The founder of that theory, who flourished about 500 B.C., said that every substance is a collocation of a vast number of minute particles, which are unchangeable, indestructible, and impenetrable, and are therefore properly called _atoms_; that the differences which are observed between the qualities of things are due to differences in the numbers, sizes, shapes, positions, and movements of atoms, and that the process which occurs when one substance is apparently destroyed and another is produced in its place, is nothing more than a rearrangement of atoms.
The supposition that changes in the properties of substances are connected with changes in the numbers, movements, and arrangements of different kinds of minute particles, was used in a general way by many naturalists of the 17th and 18th centuries; but Dalton was the first to show that the data obtained by the analyses of compounds make it possible to determine the relative weights of the atoms of the elements.
Dalton used the word _atom_ to denote the smallest particle of an element, or a compound, which exhibits the properties characteristic of that element or compound.

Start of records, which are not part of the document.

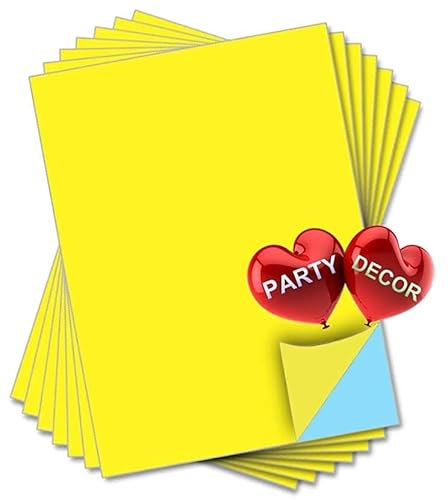 party_decor Yellow Self Adhesive Gloss Vinyl Sheet - A4 - pack of 10 - perfect for hobby & craft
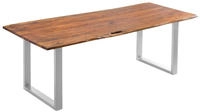 M&ouml;belliebling Esstisch Baumkante massiv Akazie nougatfarben 200 x 100 cm silber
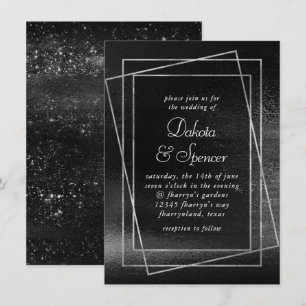 Invitation Glitzy Foil Platine Argent Faux Chrome Shimmer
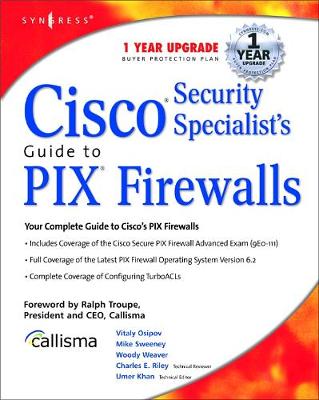 Book cover for Cisco Security Specialists Guide to PIX Firewall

He supposed that the atoms of an element are never divided in any of the reactions of that element, but the atoms of a compound are often separated into the atoms of the elements whereof the compound is composed.

Apparently without knowing that the supposition had been made more than two thousand years before his time, Dalton was led by his study of the composition and properties of the atmosphere to assume that the atoms of different substances, whether elements or compounds, are of different sizes and have different weights.

He assumed that when two elements unite to form only one compound, the atom of that compound has the simplest possible composition, is formed by the union of a single atom of each element.

Dalton knew only one compound of hydrogen and nitrogen, namely, ammonia.